WHAT YOU ARE ASKED TO DO: All lines below between the line with "Martial Arts TRAINING" and the line with "Villa Rayonghouse", including both, must be copied exactly, and the pictures must be omitted.

DATA SUPPLIED:
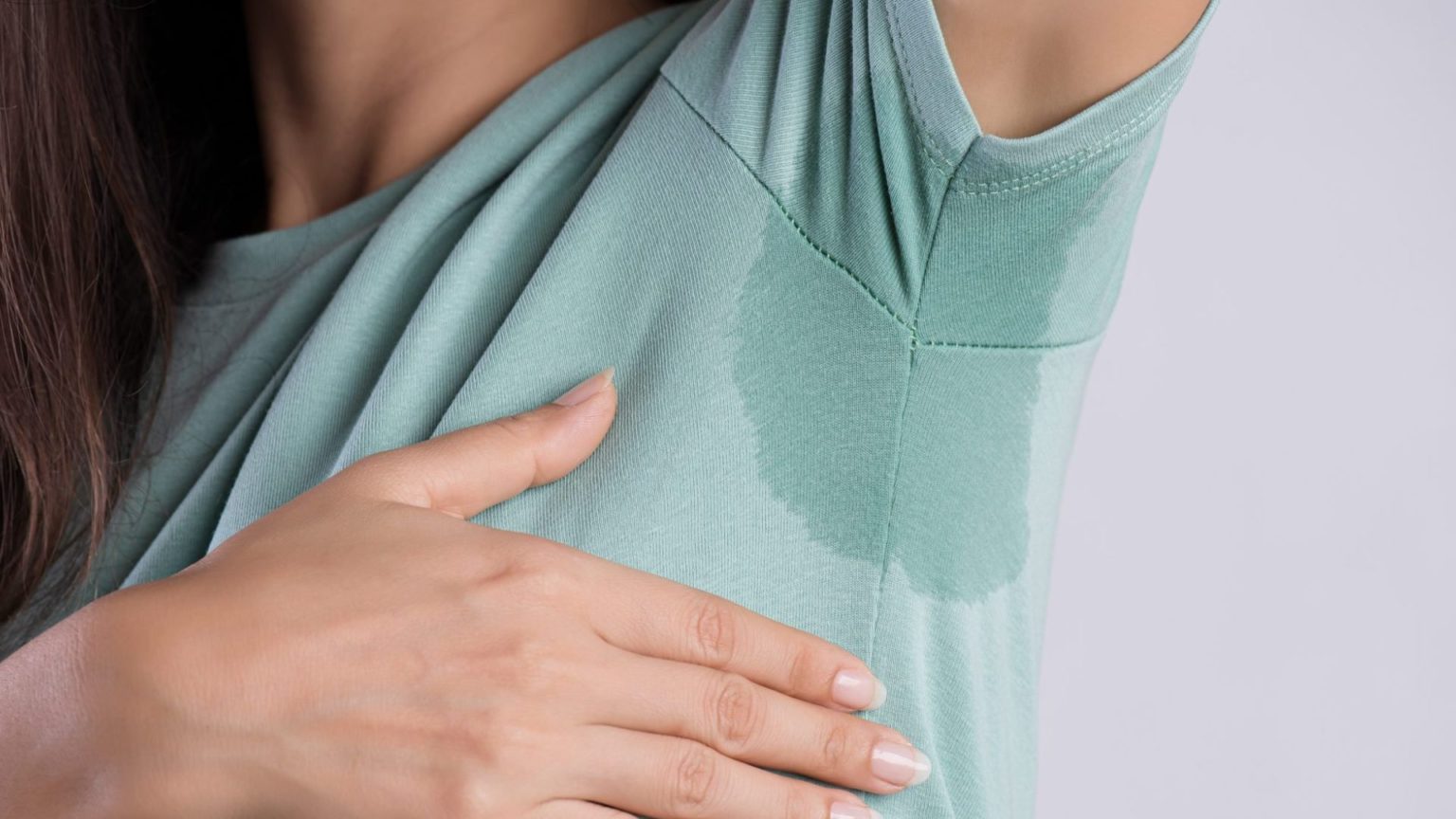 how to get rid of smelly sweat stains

--

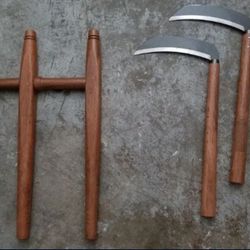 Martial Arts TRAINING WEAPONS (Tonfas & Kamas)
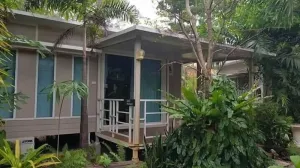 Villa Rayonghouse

EXERCISE RESPONSE:
 Martial Arts TRAINING WEAPONS (Tonfas & Kamas)
 Villa Rayonghouse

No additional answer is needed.